With that said, envision a ‘best experience’ eco-system as a hybrid of physical and digital pathways. The physical pathways transition to digital pathways in a patient’s journey (with some back and forth). For example, a patient is given a cancer diagnosis. She is scared, uncertain about the next steps and really wants to talk with someone that understands the oncology journey and can answer her questions. The patient places a call to the health organization where a real person answers the phone with empathy for the patient’s situation, and immediately connects her to an oncology specialist assigned to support patient navigation for her diagnosis. The specialist forms a relationship with the patient, answers her questions, provides online resources and assists her with setting up initial diagnostics and specialist visits. The oncology navigator sends a text to the patient’s cell phone (with permission) with a link to resources, appointment scheduling and a number to call back anytime for questions (enter the digital front door).
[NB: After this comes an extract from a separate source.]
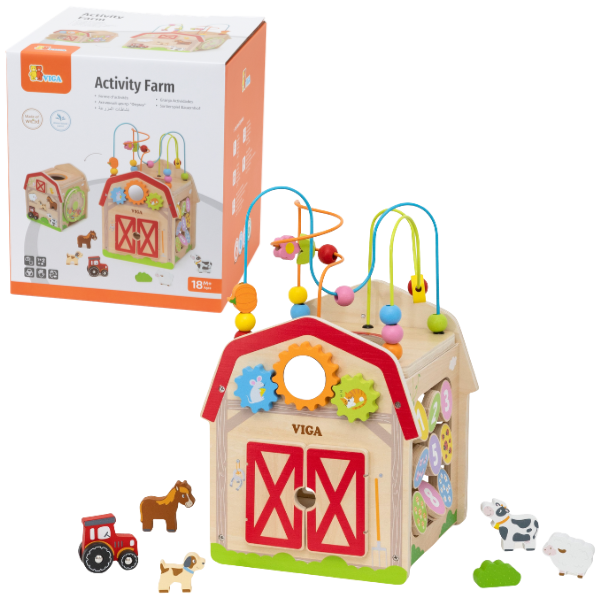 Cub educativ din lemn „Ferma”, 7 în 1 Cub educativ din lemn „Ferma”, 7 în 1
The patient becomes comfortable with digital navigation and manages part of her journey online (appointments, health records, information sharing, prescription refills, provider Q&A, others).  When the patient receives a critical result that inspires questions (or fear), she calls the health provider and has a consistent experience getting connected to the oncology navigator to get questions answered and navigate through the next steps in her care journey. The patient finishes treatment and enters remission, but she needs annual diagnostics for monitoring and preventative health maintenance. She receives a text (checking in with her) with a link to set up her annual diagnostic appointment via the digital front door. In the following year, she receives the text again, but forgot to set up her appointments. The patient’s absence is noted by automation within the digital front door and following a few digital nudges, she is called by a real person (care navigator) to ensure her maintenance appointments and diagnostics are completed. 

The oncology scenario demonstrates how both physical and digital pathways can be combined to create an optimal experience (based on preference) for personal care orchestration. This should be easy, right? Not exactly. Health organizations that have developed similar processes haven’t done this overnight. The processes and design to make this work are curated over a term that ranges from months to years. The economics of the design can be difficult if automation and technology are suboptimal. On the other end of the spectrum, some health organizations maintain the status quo with a bare minimum call center (seen as a cost center, not an engagement or experience hub) staffed with minimally skilled agents that aren’t provided toolsets or training to be successful. Turnover is high and agent satisfaction and engagement is low. Imagine, you have been diagnosed with complex disease and your first interaction with a health organization is a call center agent that doesn’t have the skills, resources or training to help you. Patients (and agents) deserve better support from health organizations. Personal care orchestration and low-friction experience must be a priority for patients. Let’s give patients what they deserve, the best experience!